A ces paroles, on reconnaît l'ardeur généreuse, le dévouement à la science et à ses amis, qui ont animé Arago, toute sa vie. Mais où trouvera-t-on le nouvel Arago capable de distinguer ceux de ses contemporains qui ont du génie — car Arago paraît bien avoir eu un jugement d'une admirable clairvoyance — et de ne pas éparpiller la munificence nationale en menue monnaie inutile. Avouons que, pour être sûr de faire assez, il faudrait faire beaucoup trop et que, d'ailleurs, ce sont les travailleurs dévoués à leur tâche, mais sans génie, qui ont, pour rendre au pays tous les services dont ils sont capables, le plus besoin d'une installation matérielle suffisante et d'une collaboration nombreuse.

Si beaux que soient les autres travaux d'Ampère, ils le mettent au même niveau que plusieurs de ses contemporains, pas au-dessus. Ce qui le met au-dessus, incroyablement au-dessus de tous les autres, Fresnel seul excepté, ce sont les mémoires de 1820-1822, et des années suivantes. Qu'Ampère ait été enlevé à la science en 1819, le monde ne s'unirait pas à la France pour célébrer son centenaire. Qu'il ait cessé de vivre dès 1822, l'éclair était jailli, l'œuvre était faite, digne de l'admiration des siècles ! A quel administrateur, à quel corps constitué demandera-t-on de deviner que, parmi tant de zélés et puissants travailleurs, c'est ce fantaisiste et bouillonnant Ampère qui, une certaine année, créera, pour ainsi dire de toutes pièces, l'édifice physicomathématique le plus éloigné des principes de la mécanique newtonienne, excitateur de vues théoriques nouvelles et — combien plus stupéfiante prophétie ! — le fondateur, avec Faraday, de la plus puissante industrie, de la plus féconde en merveilles qu'on ait jamais vue! Où. trouver un autre Arago, comment lui donner le pouvoir de réaliser ses vœux?

Ainsi, dès 1822, Ampère a établi les lois électrodynamiques qui régissent toute transformation d'énergie électrique en énergie mécanique.

Dix ans plus tard, Faraday découvre les lois expérimentales qui règlent la transformation inverse. Mais, si belle qu'elle soit, son œuvre n'a pas la plénitude atteinte d'un bond par le génie d'Ampère ; il faut attendre Maxwell pour comprendre ce qu'il y avait de quantitatif dans les considérations assez obscures de Faraday.

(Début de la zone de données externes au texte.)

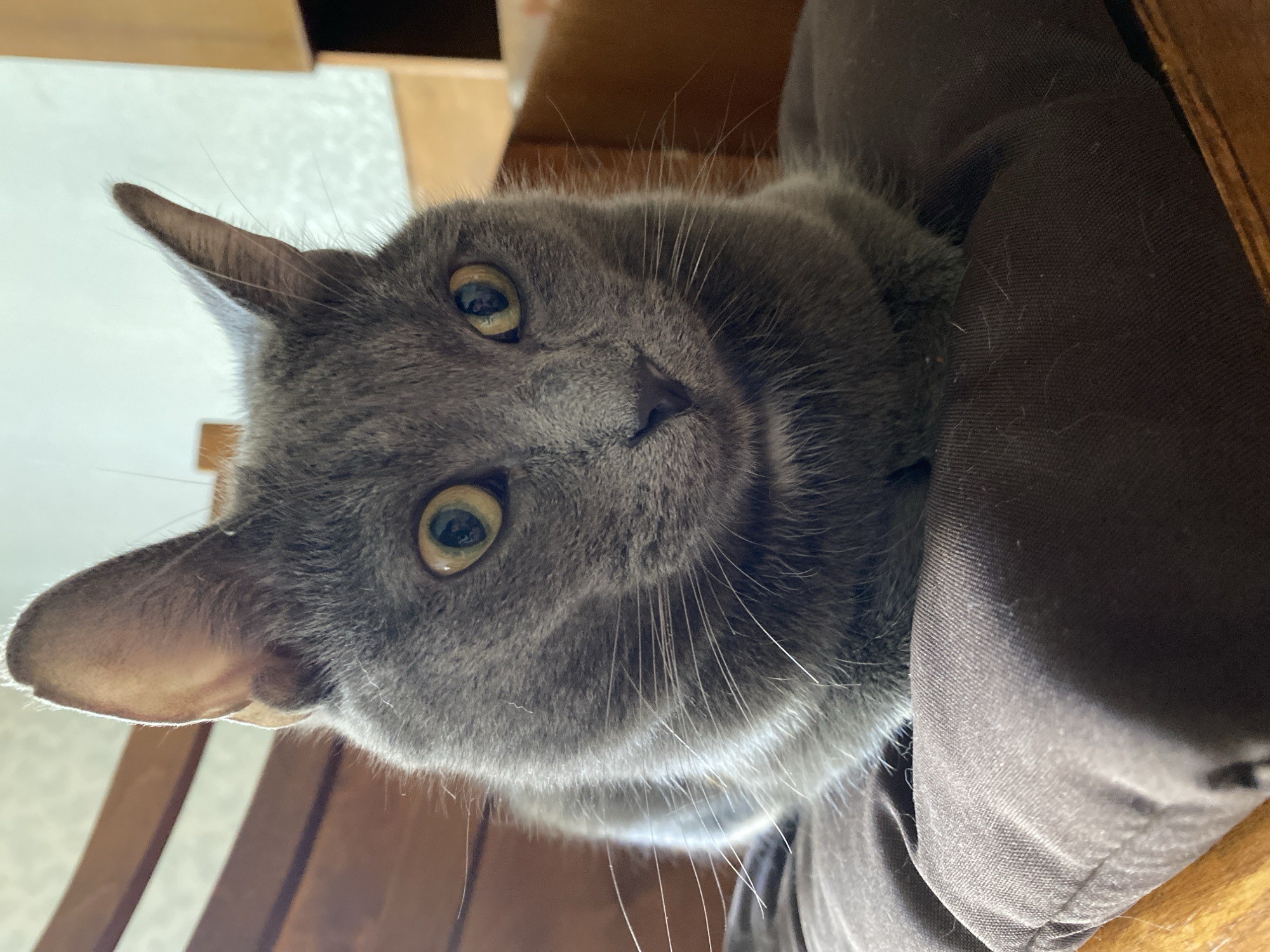 A medium shot shows a gray cat sitting on a brown cushion. The cat is facing the camera, with its head tilted slightly to the right. The cat's eyes are wide and yellow, and its ears are perked up. The cat's fur is short and smooth. The background is blurry, but it appears to be a room with wooden furniture. The lighting is soft and natural, coming from the left side of the image.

Comme c'est la transmission à distance, à des centaines de kilomètres, de l'énergie électrique qui fait toute l'importance de cette industrie, n'oublions pas Pouillet, Ohm, Joule, sans toutefois les mettre au même niveau dans notre admiration que Faraday et Ampère. Je n'y ajoute pas les théoriciens de la conservation de l'énergie ; non que leur rôle me paraisse négligeable, mais la création de la nouvelle industrie pouvait se passer d'eux, tandis qu'elle ne pouvait se passer ni d'Ampère, ni de Faraday. Chacun à son plan.

Ce n'est pas ici le lieu de faire un parallèle entre Ampère et Faraday; mais, de tels hommes, tous les traits de caractère sont intéressants; sans chercher à savoir dans quelle mesure leurs convictions métaphysiques réagissaient sur leurs facultés inventives, on ne peut nier que l'esprit est un tout, et que la cloison entre les divers modes d'activité intellectuelle d'un Faraday ou d'un Ampère est bien difficile à imaginer. Ampère et Faraday étaient deux esprits profondément religieux, quoique bien différemment. Faraday ne semble jamais avoir été effleuré d'un doute; il prêchait souvent dans la chapelle de la toute petite secte protestante, aux dogmes très particuliers de laquelle il semble avoir été toujours étroitement attaché. Ampère, lui, toujours ardent dans ses doutes et dans ses croyances, nous fournit l'image d'une âme mystique et tourmentée, bien plus curieuse de spéculations métaphysiques incontrôlables que des réalités physiques, et pourtant capable un jour d'édifier une théorie physique inébranlable, d'une extraordinaire importance pratique.

C'est du moins ainsi qu'il nous apparaît dans les notices si débordantes d'admiration et de sympathie écrites par Arago et par Sainte-Beuve, qui, eux, ne sont certes pas suspects de mysticisme d'aucune sorte, chrétien ou autre (Sainte-Beuve, Critiques et portraits, p. 402 et suiv. Arago, p. 20, 114, etc.), quelque extraordinaire que cela paraisse aux froids positivistes que nous sommes.

Les admirables travaux scientifiques d'Ampère ne semblent presque que de brefs incidents, interrompant quelques instants le cours de sa pensée métaphysique, seule perpétuellement active.

Marcel Brillouin, Membre de l'Institut.